### Prompt
Set down the records again. Every word and mark must match exactly.

(Extracted records)
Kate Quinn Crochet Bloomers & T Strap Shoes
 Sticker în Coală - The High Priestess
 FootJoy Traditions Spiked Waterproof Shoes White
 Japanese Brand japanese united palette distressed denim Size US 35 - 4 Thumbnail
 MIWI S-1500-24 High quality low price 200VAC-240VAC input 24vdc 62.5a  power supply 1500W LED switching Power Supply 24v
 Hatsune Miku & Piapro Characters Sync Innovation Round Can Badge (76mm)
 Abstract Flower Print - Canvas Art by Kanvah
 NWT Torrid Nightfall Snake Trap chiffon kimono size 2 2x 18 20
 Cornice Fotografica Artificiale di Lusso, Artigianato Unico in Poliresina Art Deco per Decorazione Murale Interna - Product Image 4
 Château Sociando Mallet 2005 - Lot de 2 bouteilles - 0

### Solution to the exercise
Kate Quinn Crochet Bloomers & T Strap Shoes
 Sticker în Coală - The High Priestess
 FootJoy Traditions Spiked Waterproof Shoes White
 Japanese Brand japanese united palette distressed denim Size US 35 - 4 Thumbnail
 MIWI S-1500-24 High quality low price 200VAC-240VAC input 24vdc 62.5a  power supply 1500W LED switching Power Supply 24v
 Hatsune Miku & Piapro Characters Sync Innovation Round Can Badge (76mm)
 Abstract Flower Print - Canvas Art by Kanvah
 NWT Torrid Nightfall Snake Trap chiffon kimono size 2 2x 18 20
 Cornice Fotografica Artificiale di Lusso, Artigianato Unico in Poliresina Art Deco per Decorazione Murale Interna - Product Image 4
 Château Sociando Mallet 2005 - Lot de 2 bouteilles - 0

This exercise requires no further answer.